● DATA TO USE
◇ ◇ ◇ ◇

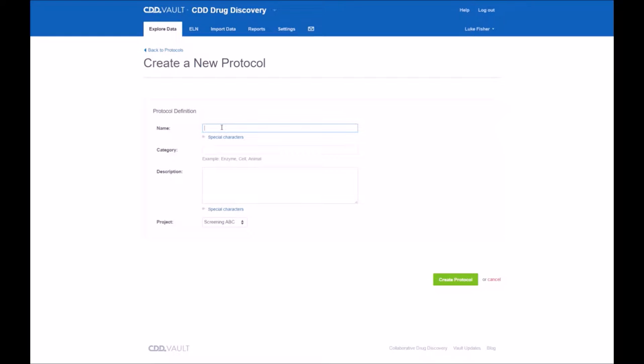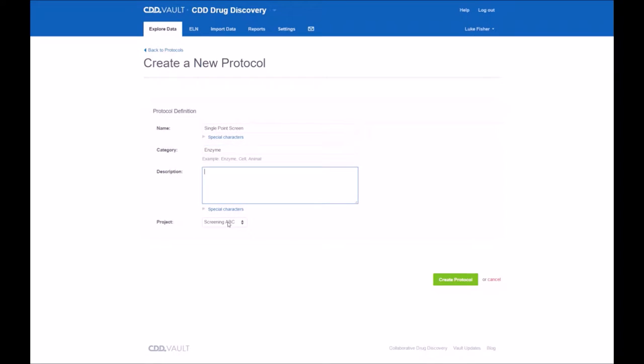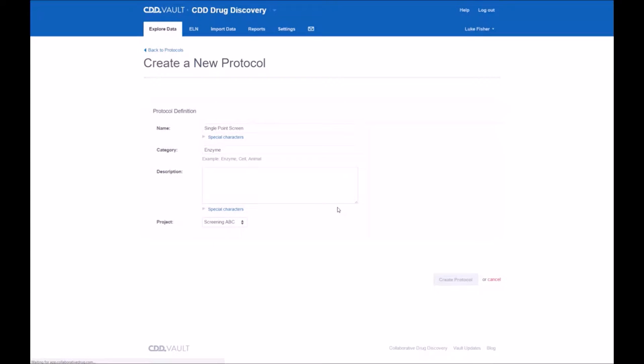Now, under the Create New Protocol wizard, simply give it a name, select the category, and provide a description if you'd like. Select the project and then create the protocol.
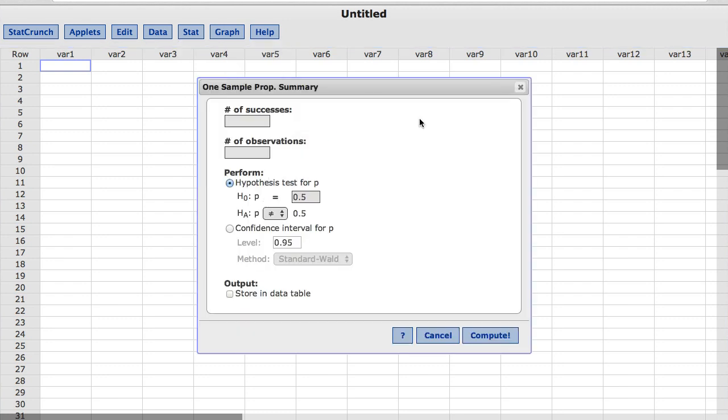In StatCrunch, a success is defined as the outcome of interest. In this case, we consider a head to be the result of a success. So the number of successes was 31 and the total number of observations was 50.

◇ ◇ ◇ ◇

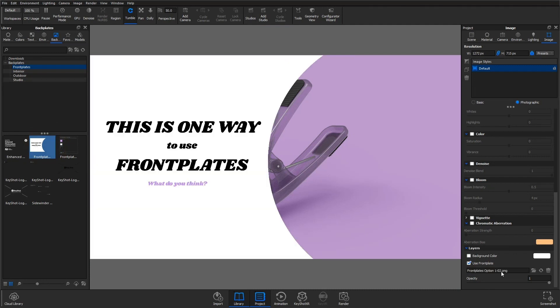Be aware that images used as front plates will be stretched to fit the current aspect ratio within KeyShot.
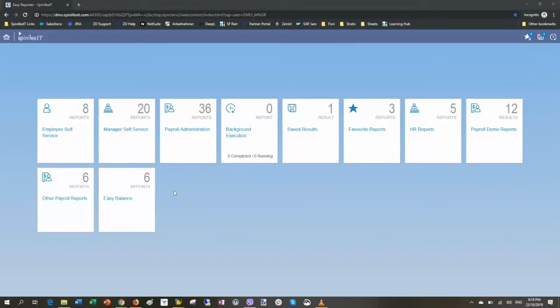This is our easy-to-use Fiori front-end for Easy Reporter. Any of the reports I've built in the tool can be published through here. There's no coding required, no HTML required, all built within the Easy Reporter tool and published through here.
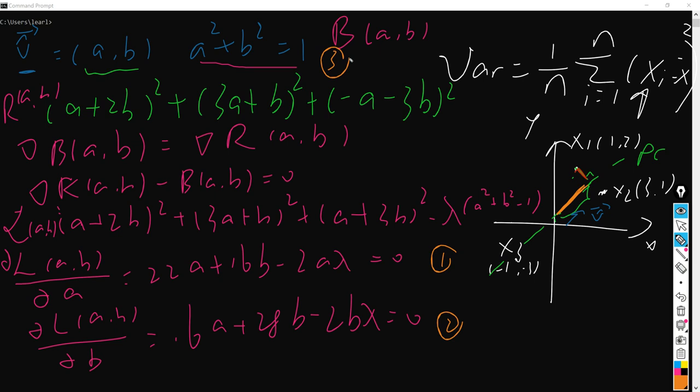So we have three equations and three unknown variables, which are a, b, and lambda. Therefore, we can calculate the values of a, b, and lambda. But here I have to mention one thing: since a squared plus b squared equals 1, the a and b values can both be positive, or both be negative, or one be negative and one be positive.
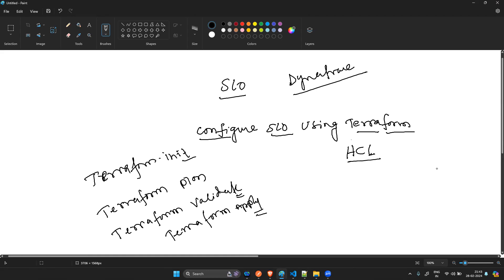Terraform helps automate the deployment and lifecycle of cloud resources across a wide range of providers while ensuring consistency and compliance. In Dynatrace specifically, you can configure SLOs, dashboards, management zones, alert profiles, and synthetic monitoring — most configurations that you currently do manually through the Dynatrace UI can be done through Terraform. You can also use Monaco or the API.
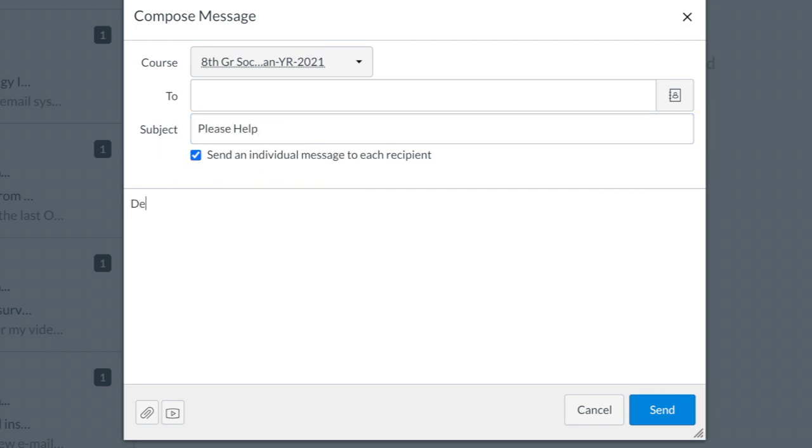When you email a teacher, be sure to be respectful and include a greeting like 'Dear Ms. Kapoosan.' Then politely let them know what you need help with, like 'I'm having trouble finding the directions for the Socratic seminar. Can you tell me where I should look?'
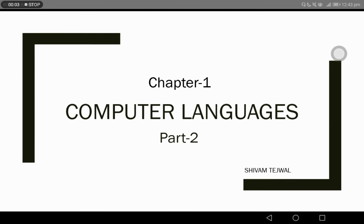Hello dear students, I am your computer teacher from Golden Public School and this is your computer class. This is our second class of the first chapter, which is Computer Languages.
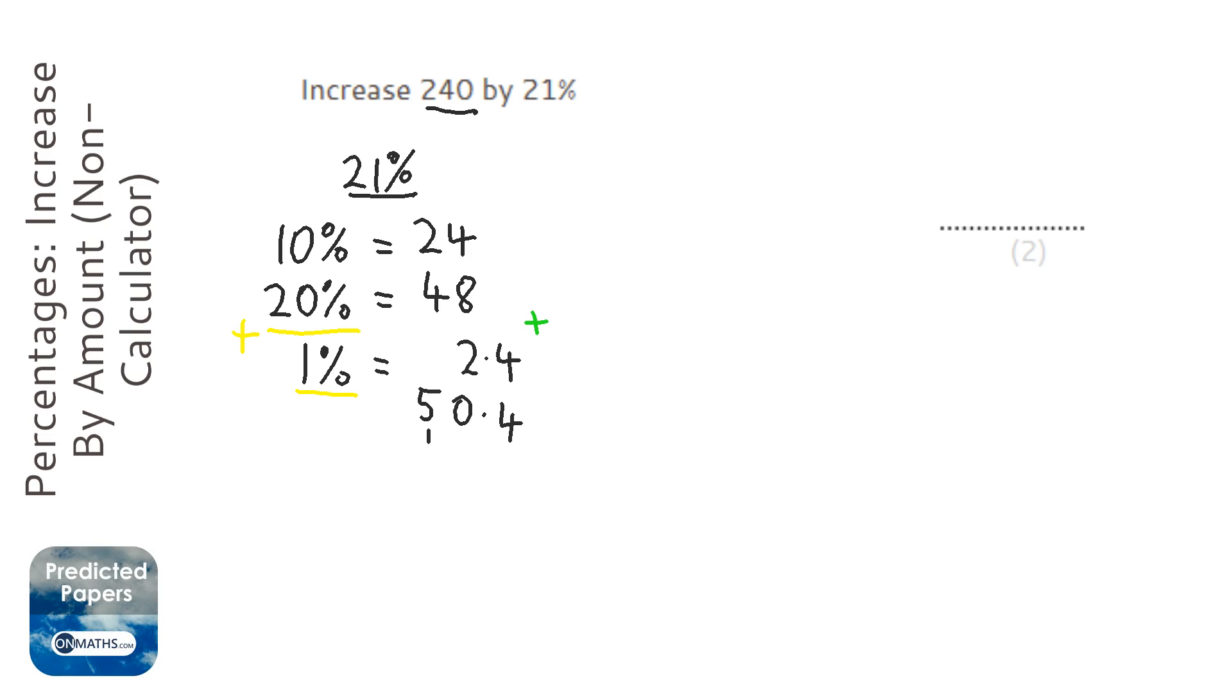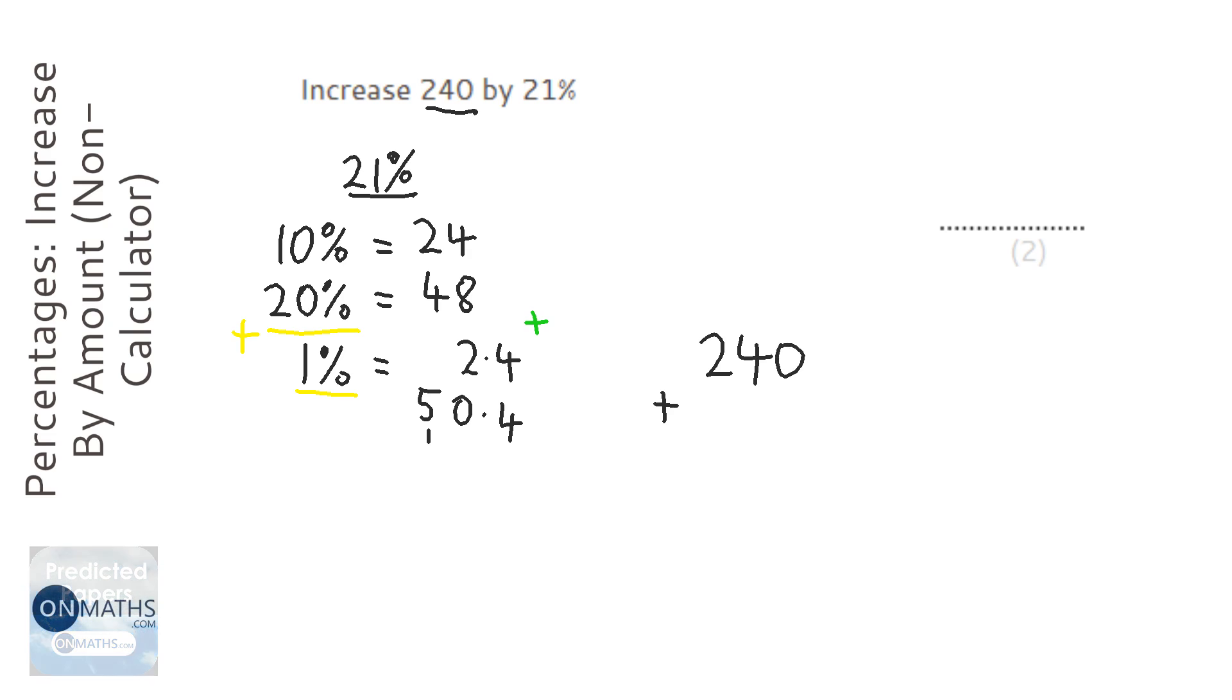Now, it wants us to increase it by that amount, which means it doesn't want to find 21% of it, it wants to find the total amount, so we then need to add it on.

◇ ◇ ◇ ◇

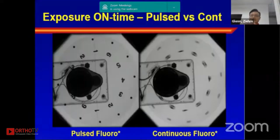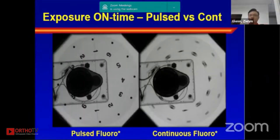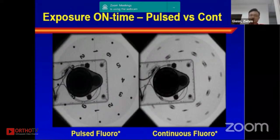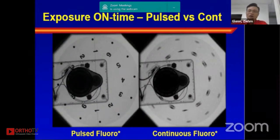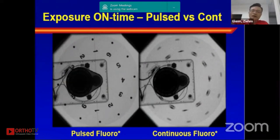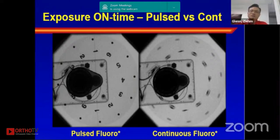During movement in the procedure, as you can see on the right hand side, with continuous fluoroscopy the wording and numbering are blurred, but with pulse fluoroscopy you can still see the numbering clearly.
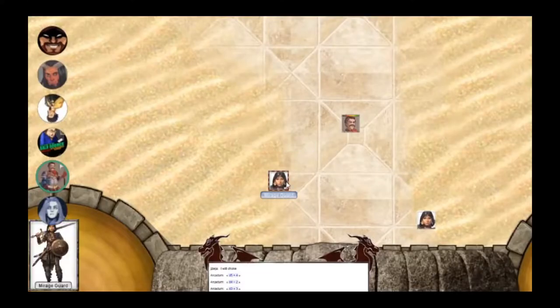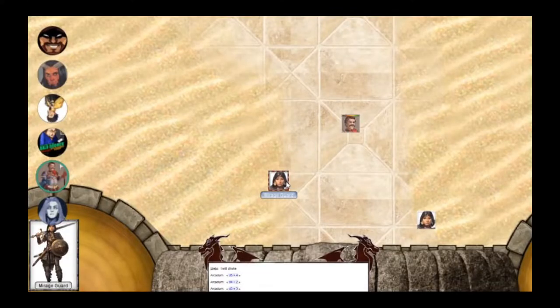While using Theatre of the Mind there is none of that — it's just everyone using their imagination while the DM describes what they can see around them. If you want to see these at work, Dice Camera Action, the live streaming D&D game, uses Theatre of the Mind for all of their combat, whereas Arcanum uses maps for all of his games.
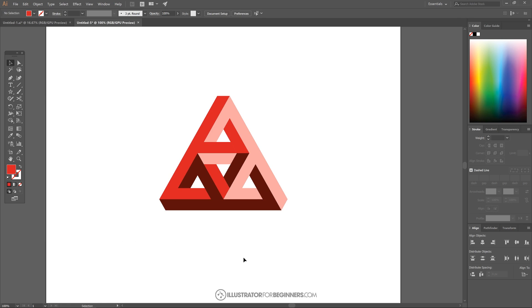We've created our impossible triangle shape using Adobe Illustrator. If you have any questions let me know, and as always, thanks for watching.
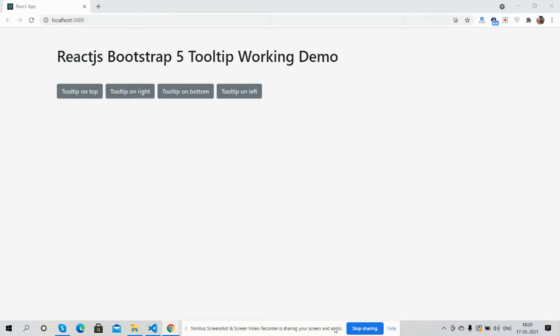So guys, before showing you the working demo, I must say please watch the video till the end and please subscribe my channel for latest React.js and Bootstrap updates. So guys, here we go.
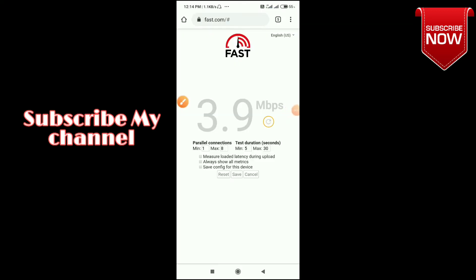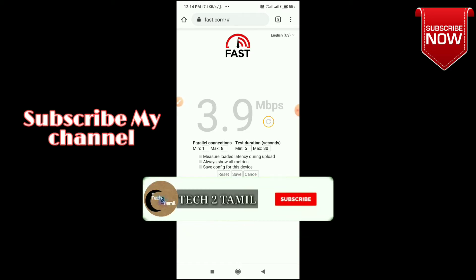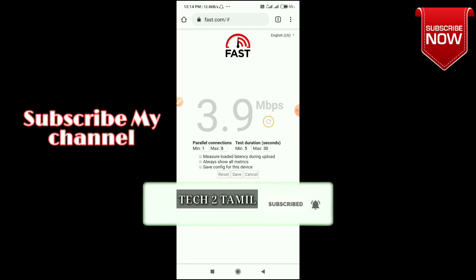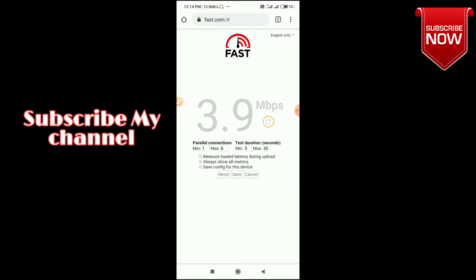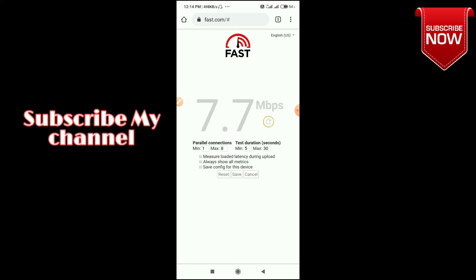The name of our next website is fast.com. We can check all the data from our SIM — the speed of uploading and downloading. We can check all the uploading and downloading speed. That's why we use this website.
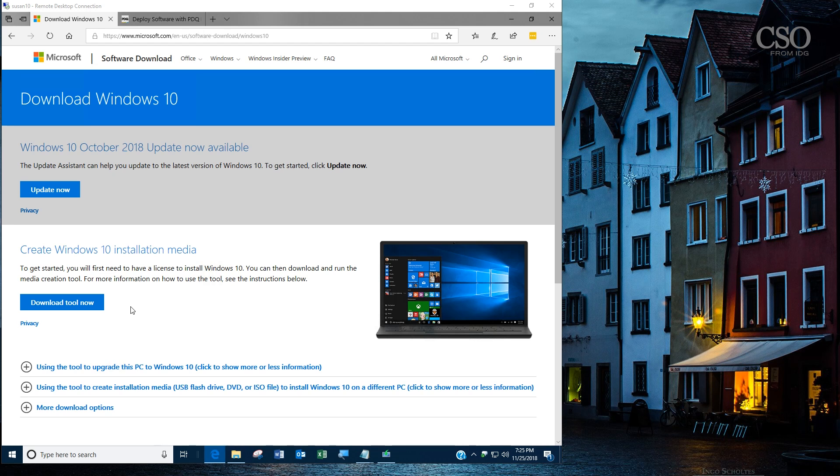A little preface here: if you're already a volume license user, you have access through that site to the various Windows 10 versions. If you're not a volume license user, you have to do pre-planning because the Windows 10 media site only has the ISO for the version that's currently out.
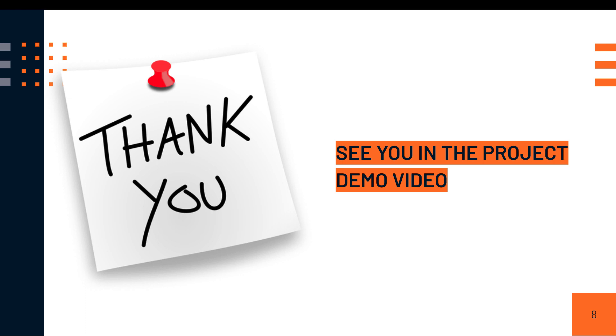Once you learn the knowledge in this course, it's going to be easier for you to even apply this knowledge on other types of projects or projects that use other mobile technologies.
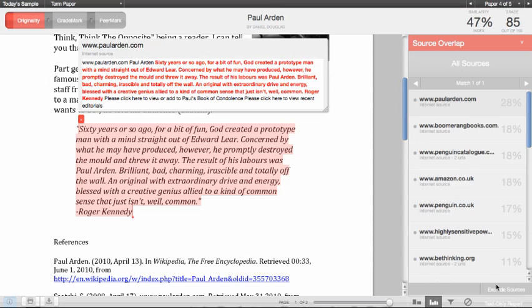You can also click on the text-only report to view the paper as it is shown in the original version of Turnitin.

◇ ◇ ◇ ◇

● PROBLEM REQUIREMENTS
Using the entries above, extract exactly the lines from the one that contains "So guys, before" through the one that contains "You can also click". Do not carry over any pictures.

● SOLVED PROBLEM
So guys, before showing you the working demo, I must say please watch the video till the end and please subscribe my channel for latest React.js and Bootstrap updates. So guys, here we go.
The name of our next website is fast.com. We can check all the data from our SIM — the speed of uploading and downloading. We can check all the uploading and downloading speed. That's why we use this website.
A little preface here: if you're already a volume license user, you have access through that site to the various Windows 10 versions. If you're not a volume license user, you have to do pre-planning because the Windows 10 media site only has the ISO for the version that's currently out.
Once you learn the knowledge in this course, it's going to be easier for you to even apply this knowledge on other types of projects or projects that use other mobile technologies.
You can also click on the text-only report to view the paper as it is shown in the original version of Turnitin.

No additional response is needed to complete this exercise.